SNP markers distribution across the 12 rice chromosomes was characterized, and marker quality was evaluated based on polymorphic information content (PIC), and call rate using custom R functions. Genetic diversity was assessed using standard parameters, including observed heterozygosity (Ho), unbiased expected heterozygosity (uHe) [52], minor allele frequency, and percentage of polymorphic loci using the adegenet package version 2.1.11 [53]. Genetic relationships among genotypes were examined using the Manhattan dissimilarity index, followed by principal coordinate analysis [54] and construction of a neighbor-joining tree [55] using the ape package version 5.8.1 [56].
Population structure and admixture were inferred using sparse non-negative matrix factorization to estimate the ancestry of the 40 rice genotypes, implemented in the LEA package version 3.22.0 [57]. Genotypes were assigned to subpopulations based on their maximum ancestry coefficient (Q); those with Q > 60% were classified into a specific subpopulation, while genotypes with Q ≤ 60% were considered admixed. The optimum number of subpopulation (K) was determined by testing K = 1 – 10, with 10 iterations per K value, and selecting the K with the lowest cross-entropy criterion.
The following parameters were estimated for each subpopulation: observed heterozygosity and unbiased expected heterozygosity using the adegenet package, inbreeding coefficient (FIS) and pairwise differentiation (FST) [58], Nei’s standard genetic distance [59] using the hierfstat package version 0.5.11 [60], while nucleotide diversity [61] was calculated using the pegas package version 1.4 [62]. Genetic differentiation among populations was assessed using analysis of molecular variance [63], implemented in the poppr version 2.9.8 [64]. Data analyses were performed in R version 4.5.1 [65] (Supplementary File S2; R scripts).

5. Conclusions

This study demonstrated that DArTseq SNP markers effectively revealed moderate genetic diversity among Mozambican rice genotypes, defining four distinct subpopulations with 20% admixture. Significant differentiation among subpopulations, together with substantial allelic variation within genotypes, provides a rich foundation for crop improvement.
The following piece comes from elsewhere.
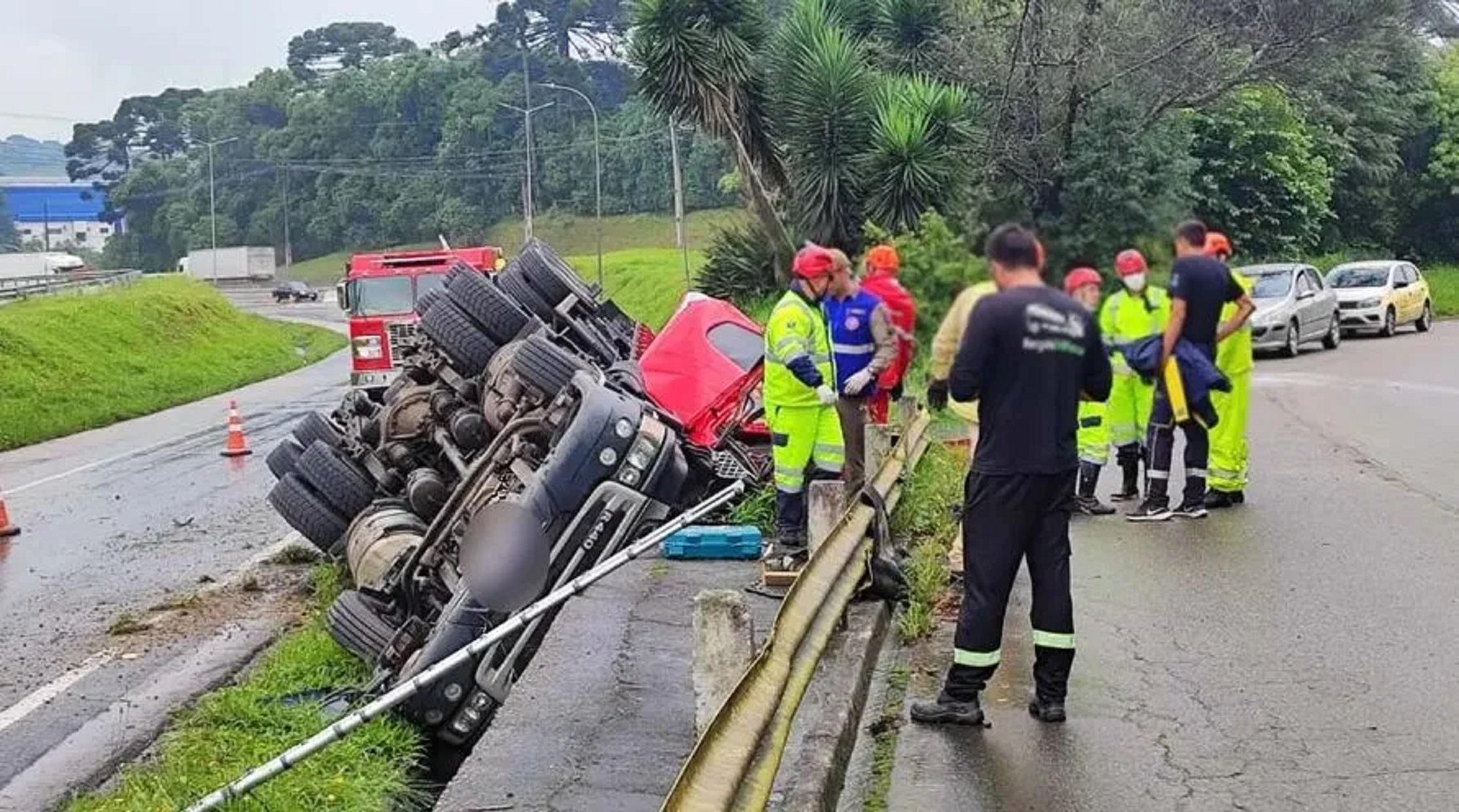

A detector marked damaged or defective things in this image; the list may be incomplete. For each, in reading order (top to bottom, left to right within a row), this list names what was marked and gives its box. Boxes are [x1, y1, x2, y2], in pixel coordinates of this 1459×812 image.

overturned truck [261, 240, 770, 752]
Subpopulations I and IV represent promising parental pools for enhancing heterosis and broadening the genetic base. The observed population structure likely reflects the combined effects of selection pressure, historical divergence, and gene flow. Overall, this study provides a framework for the conservation, management, and strategic use of rice germplasm in Mozambique. The findings offer practical guidance for parent selection and the development of cultivars adapted to lowland rainfed systems, supporting efforts to improve rice productivity and food security in Mozambique.

Supplementary Materials

The following supporting information can be downloaded at: Preprints.org, Supplementary File S1: Additional Results; Supplementary File S2: R Scripts used for data analysis.

Author Contributions

Conceptualization, methodology, data curation, software, formal analysis, and visualization, K.G.W.; validation, resources, and supervision, C.M.M. and L.D.M.; investigation, writing—original draft preparation, and writing—review and editing, K.G.W; C.M.M. and L.D.M; project administration, and funding acquisition, C.M.M. All authors have read and agreed to the published version of the manuscript.

Funding

This work was funded by the Centre of Excellence in Agri-Food Systems and Nutrition (CE-AFSN), Eduardo Mondlane University, Maputo, Mozambique, through the World Bank, Grant number E089-MZ.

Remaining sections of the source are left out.